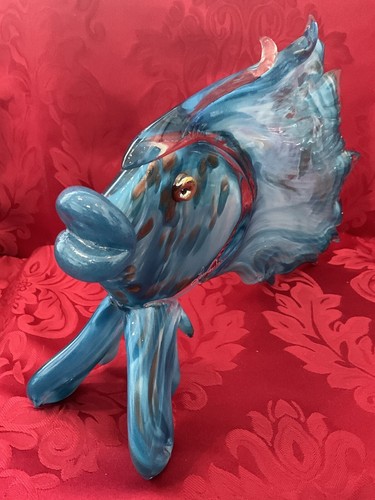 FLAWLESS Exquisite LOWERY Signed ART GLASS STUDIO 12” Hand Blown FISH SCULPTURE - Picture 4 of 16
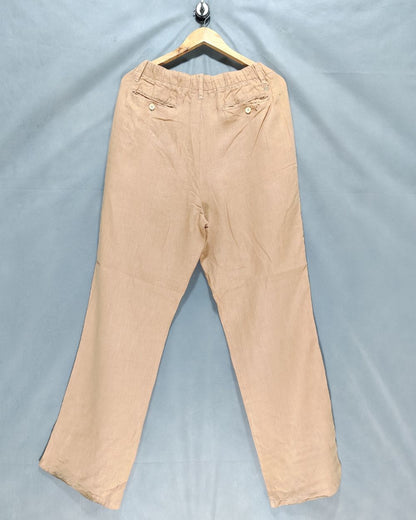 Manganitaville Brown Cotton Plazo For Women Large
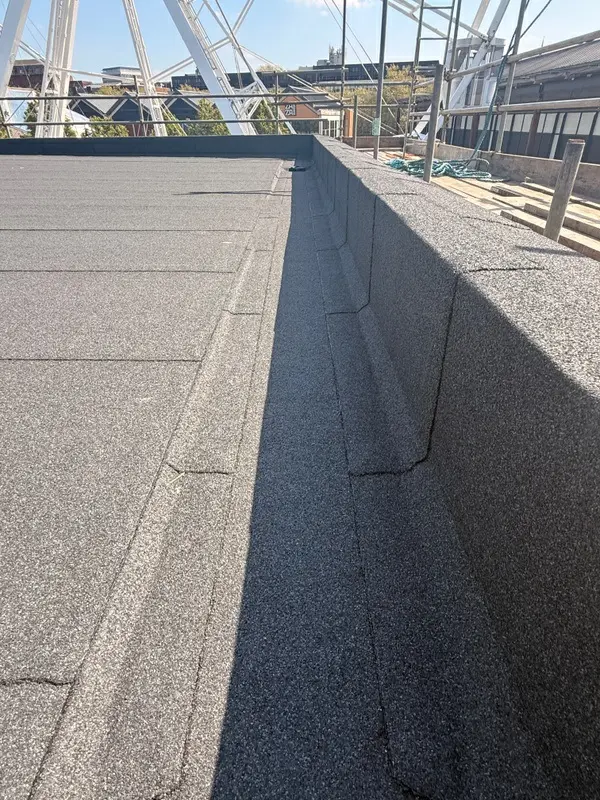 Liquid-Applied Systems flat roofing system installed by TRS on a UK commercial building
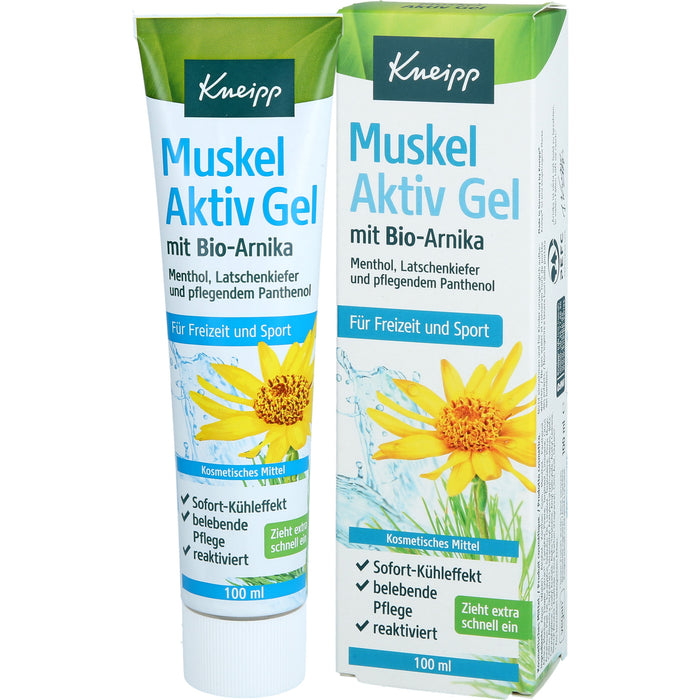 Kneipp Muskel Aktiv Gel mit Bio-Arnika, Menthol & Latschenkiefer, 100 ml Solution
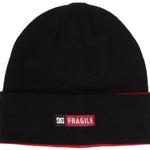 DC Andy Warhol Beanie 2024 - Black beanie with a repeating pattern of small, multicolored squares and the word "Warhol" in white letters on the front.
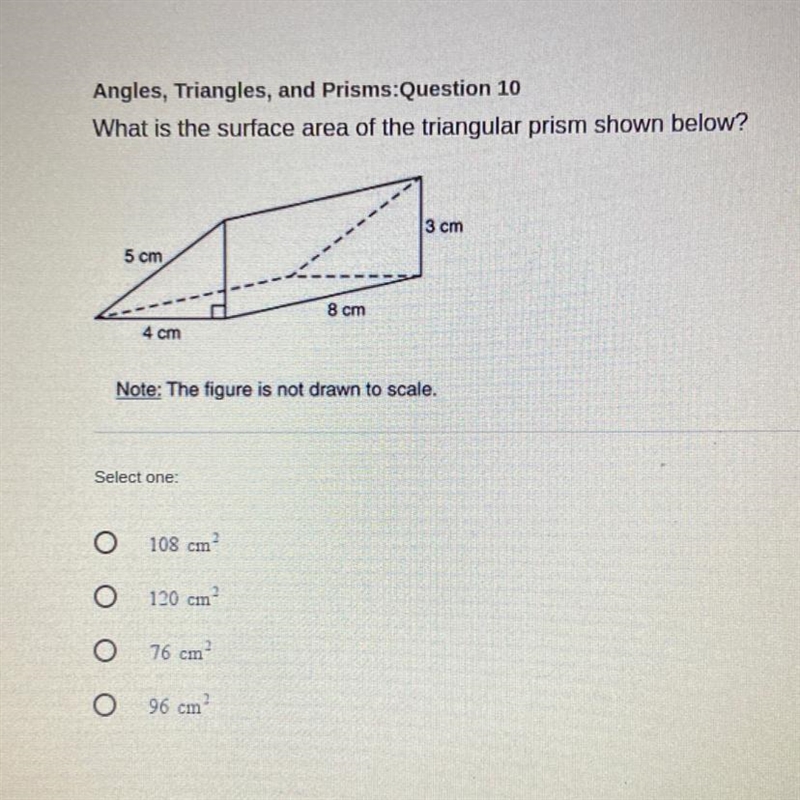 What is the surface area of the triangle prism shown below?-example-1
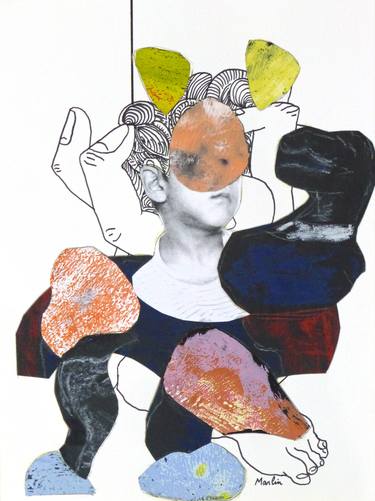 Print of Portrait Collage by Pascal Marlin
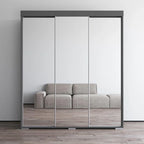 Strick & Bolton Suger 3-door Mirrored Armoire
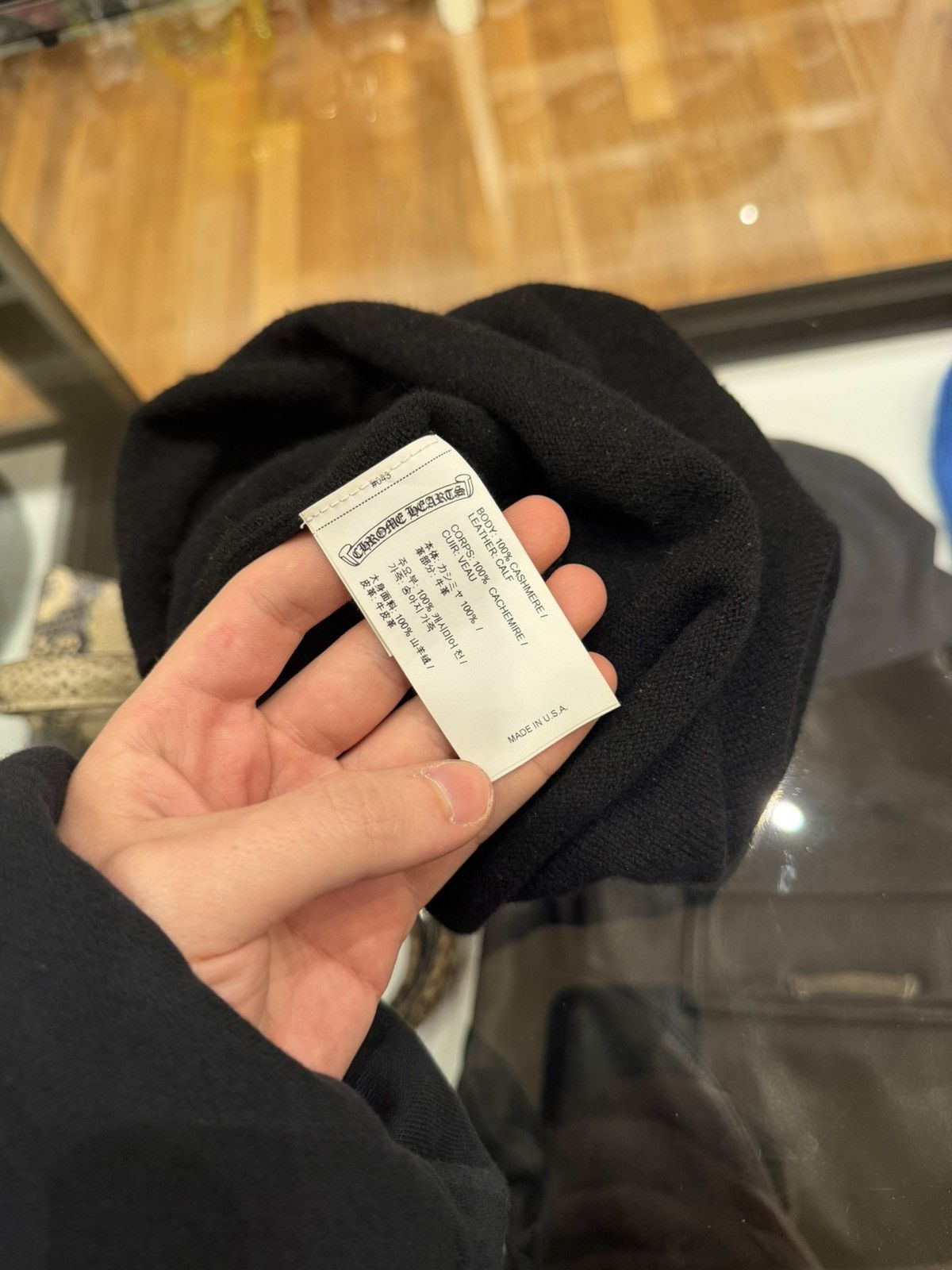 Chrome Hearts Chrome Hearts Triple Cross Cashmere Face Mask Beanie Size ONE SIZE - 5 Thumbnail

---

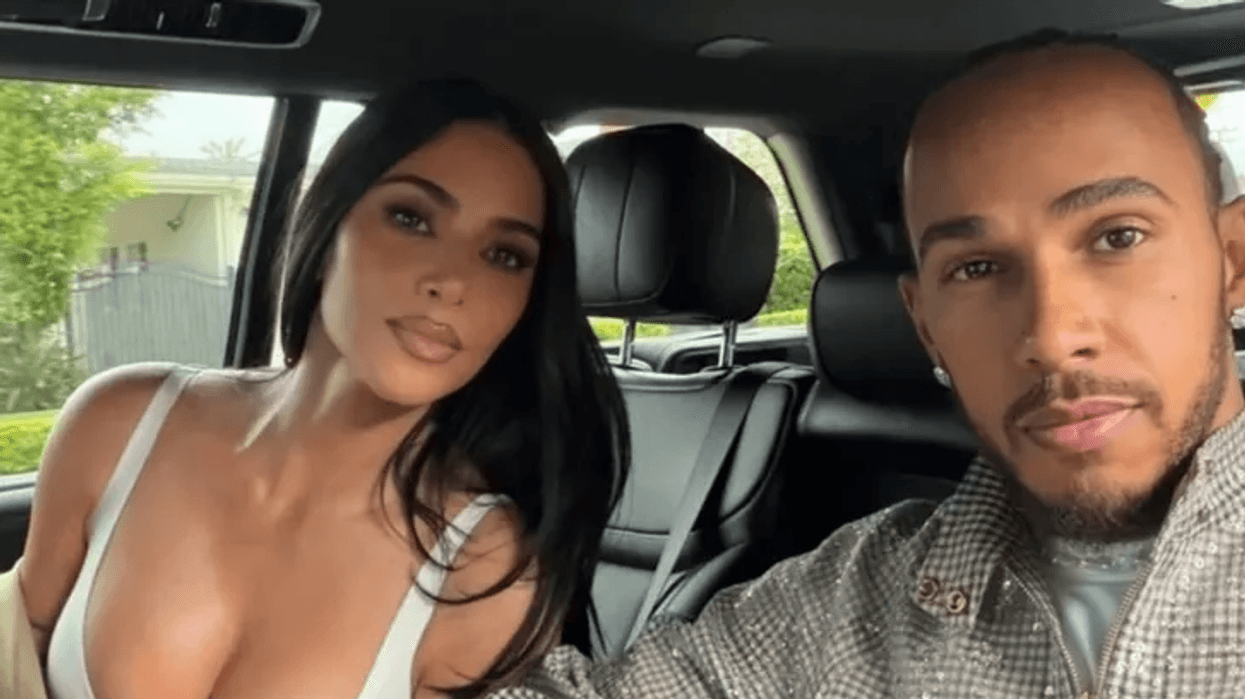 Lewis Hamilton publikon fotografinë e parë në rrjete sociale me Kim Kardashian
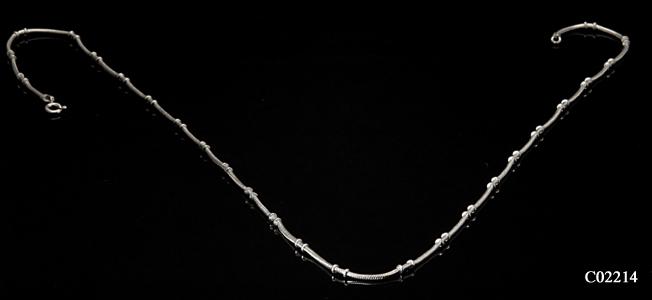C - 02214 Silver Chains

---

Work request: An exact copy is needed of the entries above, starting at the line that holds "DC Andy Warhol" and stopping at the line that holds "Chrome Hearts Chrome", both kept; pictures stay out.

Output of the task:
 DC Andy Warhol Beanie 2024 - Black beanie with a repeating pattern of small, multicolored squares and the word "Warhol" in white letters on the front.
 What is the surface area of the triangle prism shown below?-example-1
 Print of Portrait Collage by Pascal Marlin
 Strick & Bolton Suger 3-door Mirrored Armoire
 Chrome Hearts Chrome Hearts Triple Cross Cashmere Face Mask Beanie Size ONE SIZE - 5 Thumbnail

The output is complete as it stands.